Now restart the Automatic Updates service

a. Click Start. Choose Run. 
b. In the Run box, type services.msc. Click OK. 
c. Right-click the Automatic Updates Service. Click Start.

Now disable any firewall and antivirus software that may be running in the background and go to http://windowsupdate.microsoft.com check whether the issue is resolved."

This cured my problem hope it helps you. Good luck!

Mark


----------



## Pancake (Nov 22, 2003)

There is another way to fix it.
Turn off your System Restore,reboot,and then turn it back on again.The icon should be gone and its all back to normal.


----------



## Dan_17 (Oct 25, 2004)

*The softwaredistribution folder*

Can this folder be deleted?


----------



## carabrat (Oct 26, 2004)

*Downloading updates:*

After a bit of searching i found that you get this when Control Panel/Automatic Updates is set to Automatic (recommended). I've changed my setting to "Notify Me but don't autmatically download or install them" so i can let the feature out to play when it suits me.


----------



## Godot (Jul 12, 2008)

I'd had the same problem for a few weeks. I realize this is an old thread, but as this is the first link Goog displays when searching, thought I'd post what fixed my issue here. 

The Background Intelligent Transfer Service *MUST* be running for automatic updates to complete.

To check if BITS is running, open your services console:
Run - services.msc

Check status of BITS. If it's not 'started,' right-click and select 'Start.'

If it will not start, step through the instructions on this page:
http://www.botmanfamily.net/~aurelien/articles/bits-reinstall.shtml

This will get your BITS service running and finally enable auto-updates.

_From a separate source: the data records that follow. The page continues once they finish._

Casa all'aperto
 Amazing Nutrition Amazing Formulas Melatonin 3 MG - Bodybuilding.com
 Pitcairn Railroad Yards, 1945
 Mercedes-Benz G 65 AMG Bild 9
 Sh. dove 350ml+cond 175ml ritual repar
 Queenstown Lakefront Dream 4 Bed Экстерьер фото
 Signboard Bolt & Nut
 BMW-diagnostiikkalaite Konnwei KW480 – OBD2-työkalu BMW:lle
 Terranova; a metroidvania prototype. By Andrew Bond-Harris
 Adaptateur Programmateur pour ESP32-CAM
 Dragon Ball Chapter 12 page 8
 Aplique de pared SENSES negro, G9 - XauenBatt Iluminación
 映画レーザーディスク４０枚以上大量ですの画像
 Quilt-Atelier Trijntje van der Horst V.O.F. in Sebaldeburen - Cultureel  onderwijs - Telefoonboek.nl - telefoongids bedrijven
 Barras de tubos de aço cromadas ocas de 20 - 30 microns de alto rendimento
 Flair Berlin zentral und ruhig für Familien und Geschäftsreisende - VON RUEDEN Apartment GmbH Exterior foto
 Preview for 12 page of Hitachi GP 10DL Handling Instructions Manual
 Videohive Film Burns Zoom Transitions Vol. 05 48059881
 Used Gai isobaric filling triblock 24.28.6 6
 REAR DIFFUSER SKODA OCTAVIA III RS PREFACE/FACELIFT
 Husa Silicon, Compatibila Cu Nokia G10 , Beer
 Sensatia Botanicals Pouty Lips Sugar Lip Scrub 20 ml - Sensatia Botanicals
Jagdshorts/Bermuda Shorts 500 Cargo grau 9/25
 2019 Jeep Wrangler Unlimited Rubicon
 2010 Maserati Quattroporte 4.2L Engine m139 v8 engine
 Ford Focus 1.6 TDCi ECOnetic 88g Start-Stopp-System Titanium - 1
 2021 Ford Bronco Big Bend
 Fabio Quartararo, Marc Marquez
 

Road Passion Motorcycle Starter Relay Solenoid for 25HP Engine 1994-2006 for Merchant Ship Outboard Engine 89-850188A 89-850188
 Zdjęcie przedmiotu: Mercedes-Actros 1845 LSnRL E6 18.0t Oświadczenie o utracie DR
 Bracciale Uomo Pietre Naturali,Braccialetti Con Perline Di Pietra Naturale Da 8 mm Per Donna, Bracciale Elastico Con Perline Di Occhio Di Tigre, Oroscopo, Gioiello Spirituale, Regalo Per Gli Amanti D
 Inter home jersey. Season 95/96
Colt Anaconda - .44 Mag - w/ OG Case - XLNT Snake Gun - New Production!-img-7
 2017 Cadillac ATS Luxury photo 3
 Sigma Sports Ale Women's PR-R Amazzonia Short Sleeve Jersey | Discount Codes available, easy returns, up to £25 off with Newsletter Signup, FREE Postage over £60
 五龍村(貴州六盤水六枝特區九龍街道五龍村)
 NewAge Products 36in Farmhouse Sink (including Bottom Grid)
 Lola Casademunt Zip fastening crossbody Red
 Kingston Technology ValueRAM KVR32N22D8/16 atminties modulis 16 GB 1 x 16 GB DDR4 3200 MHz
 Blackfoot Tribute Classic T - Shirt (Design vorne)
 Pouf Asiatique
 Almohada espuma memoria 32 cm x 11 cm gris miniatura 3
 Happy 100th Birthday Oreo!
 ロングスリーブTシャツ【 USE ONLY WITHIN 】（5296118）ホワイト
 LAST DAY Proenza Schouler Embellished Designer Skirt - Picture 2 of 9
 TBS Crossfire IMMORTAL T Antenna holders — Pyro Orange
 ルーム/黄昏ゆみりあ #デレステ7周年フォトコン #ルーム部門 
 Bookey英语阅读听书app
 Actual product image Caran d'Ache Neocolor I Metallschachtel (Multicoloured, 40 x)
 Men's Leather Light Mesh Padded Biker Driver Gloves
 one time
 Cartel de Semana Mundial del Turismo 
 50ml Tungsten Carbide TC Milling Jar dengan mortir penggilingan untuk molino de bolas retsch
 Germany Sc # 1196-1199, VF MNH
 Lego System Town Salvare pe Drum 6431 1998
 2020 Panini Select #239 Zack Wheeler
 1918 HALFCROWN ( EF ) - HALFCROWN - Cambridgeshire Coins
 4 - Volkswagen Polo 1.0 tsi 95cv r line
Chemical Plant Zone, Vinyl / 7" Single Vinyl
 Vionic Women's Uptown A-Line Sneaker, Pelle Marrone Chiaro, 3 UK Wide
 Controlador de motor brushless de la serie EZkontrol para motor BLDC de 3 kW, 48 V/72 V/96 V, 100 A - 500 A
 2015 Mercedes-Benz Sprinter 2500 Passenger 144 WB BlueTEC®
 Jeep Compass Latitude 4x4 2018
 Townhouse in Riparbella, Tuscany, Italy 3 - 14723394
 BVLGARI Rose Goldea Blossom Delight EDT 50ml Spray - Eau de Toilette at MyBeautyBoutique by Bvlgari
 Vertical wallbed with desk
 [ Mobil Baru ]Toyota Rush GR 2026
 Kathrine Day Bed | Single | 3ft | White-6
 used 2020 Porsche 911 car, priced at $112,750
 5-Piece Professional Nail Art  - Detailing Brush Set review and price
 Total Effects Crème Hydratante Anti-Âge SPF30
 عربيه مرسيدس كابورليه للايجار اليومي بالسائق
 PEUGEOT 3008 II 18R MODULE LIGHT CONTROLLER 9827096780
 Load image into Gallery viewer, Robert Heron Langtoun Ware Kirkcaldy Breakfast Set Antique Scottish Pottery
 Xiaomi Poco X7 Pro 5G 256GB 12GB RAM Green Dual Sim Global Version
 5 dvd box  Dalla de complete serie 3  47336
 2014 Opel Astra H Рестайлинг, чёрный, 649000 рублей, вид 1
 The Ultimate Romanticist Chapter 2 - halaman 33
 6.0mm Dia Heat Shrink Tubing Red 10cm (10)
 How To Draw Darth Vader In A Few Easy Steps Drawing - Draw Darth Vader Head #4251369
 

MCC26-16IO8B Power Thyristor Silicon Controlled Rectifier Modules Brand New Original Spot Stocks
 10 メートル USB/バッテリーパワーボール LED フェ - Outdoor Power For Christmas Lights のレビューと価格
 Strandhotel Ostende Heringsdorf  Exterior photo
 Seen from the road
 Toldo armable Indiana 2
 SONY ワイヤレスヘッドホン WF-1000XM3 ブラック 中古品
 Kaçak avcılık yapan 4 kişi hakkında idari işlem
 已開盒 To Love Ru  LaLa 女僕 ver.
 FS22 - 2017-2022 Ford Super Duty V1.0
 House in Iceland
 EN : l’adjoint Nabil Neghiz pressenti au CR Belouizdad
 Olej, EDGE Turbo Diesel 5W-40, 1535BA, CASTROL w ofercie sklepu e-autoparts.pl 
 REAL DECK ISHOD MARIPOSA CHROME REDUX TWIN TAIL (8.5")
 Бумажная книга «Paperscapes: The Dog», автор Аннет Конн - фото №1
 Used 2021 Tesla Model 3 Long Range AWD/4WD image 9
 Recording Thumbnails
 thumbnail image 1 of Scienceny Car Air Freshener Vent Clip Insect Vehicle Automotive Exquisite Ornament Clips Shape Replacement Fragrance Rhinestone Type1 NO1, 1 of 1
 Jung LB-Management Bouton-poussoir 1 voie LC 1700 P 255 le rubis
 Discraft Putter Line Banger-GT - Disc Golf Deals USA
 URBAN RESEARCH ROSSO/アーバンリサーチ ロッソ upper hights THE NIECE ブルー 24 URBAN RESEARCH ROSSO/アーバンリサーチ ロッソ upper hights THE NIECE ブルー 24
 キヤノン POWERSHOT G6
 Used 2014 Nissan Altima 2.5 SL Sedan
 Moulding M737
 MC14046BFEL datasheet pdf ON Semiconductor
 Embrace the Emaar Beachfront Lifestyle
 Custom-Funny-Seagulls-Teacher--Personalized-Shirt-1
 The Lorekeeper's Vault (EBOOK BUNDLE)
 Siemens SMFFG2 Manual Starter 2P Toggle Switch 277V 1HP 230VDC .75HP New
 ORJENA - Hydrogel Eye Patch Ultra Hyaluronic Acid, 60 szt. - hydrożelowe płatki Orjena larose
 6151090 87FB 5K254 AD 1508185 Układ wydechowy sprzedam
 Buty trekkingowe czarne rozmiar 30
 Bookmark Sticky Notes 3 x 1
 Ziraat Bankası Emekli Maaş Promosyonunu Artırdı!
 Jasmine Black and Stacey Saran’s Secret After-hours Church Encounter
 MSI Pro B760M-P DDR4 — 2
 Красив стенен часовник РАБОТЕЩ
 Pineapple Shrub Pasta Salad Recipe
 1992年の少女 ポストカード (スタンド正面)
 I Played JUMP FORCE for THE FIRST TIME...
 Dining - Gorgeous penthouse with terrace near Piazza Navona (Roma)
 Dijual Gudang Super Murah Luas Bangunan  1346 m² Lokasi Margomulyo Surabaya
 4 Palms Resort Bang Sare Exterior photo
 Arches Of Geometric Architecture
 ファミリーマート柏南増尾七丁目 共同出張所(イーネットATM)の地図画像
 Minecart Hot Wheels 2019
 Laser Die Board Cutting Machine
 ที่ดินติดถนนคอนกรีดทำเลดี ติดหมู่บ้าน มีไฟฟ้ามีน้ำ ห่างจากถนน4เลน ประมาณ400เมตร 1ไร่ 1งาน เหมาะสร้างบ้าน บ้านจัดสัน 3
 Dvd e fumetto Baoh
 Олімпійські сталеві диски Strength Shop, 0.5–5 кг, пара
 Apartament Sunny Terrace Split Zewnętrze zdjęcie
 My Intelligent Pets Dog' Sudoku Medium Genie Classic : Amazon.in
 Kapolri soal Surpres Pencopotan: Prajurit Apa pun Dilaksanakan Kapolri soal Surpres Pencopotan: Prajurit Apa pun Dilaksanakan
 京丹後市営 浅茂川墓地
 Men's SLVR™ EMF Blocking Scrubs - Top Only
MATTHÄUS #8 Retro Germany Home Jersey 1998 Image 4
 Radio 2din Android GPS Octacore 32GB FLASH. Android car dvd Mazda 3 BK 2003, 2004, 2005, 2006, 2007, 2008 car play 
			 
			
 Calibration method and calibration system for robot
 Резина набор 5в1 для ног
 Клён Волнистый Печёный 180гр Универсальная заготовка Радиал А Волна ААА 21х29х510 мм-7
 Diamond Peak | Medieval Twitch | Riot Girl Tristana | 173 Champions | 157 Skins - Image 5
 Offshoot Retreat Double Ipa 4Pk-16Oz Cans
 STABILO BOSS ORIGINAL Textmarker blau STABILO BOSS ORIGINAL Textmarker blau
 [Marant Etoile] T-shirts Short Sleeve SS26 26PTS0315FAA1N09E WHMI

My issue was fixed after a reboot at step 3. Yours may be fixed sooner or may need to go through all his steps. But regardless, step though those instructions in the order he's posted them. Don't neglect to reboot between changes.

HTH
-Godot

take your fingers out of your noses. your wait is over.


----------



## ThorXP (Mar 11, 2008)

There are a number of things that can break Windows Update in XP, including performing a repair/reinstall. Some are also having issues after installing Service Pack 3. For a quick fix, do this:

Open Notepad and copy/paste the following text:

regsvr32 wuapi.dll
regsvr32 wuaueng.dll
regsvr32 atl.dll
regsvr32 wucltui.dll
regsvr32 wups.dll
regsvr32 wuaueng1.dll
regsvr32 wucltui.dll
regsvr32 wups.dll
regsvr32 wuweb.dll
regsvr32 wups2.dll
regsvr32 msxml.dll
regsvr32 msxml3.dll
regsvr32 msxml2.dll
regsvr32 qmgr.dll
regsvr32 qmgrprxy.dll
regsvr32 Softpub.dll
regsvr32 Mssip32.dll
regsvr32 Initpki.dll
end

Save the file to your desktop as UpdatesFix.cmd (you'll have to click the "Save As Type... dropdown and select "All Files" before you click the Save button). 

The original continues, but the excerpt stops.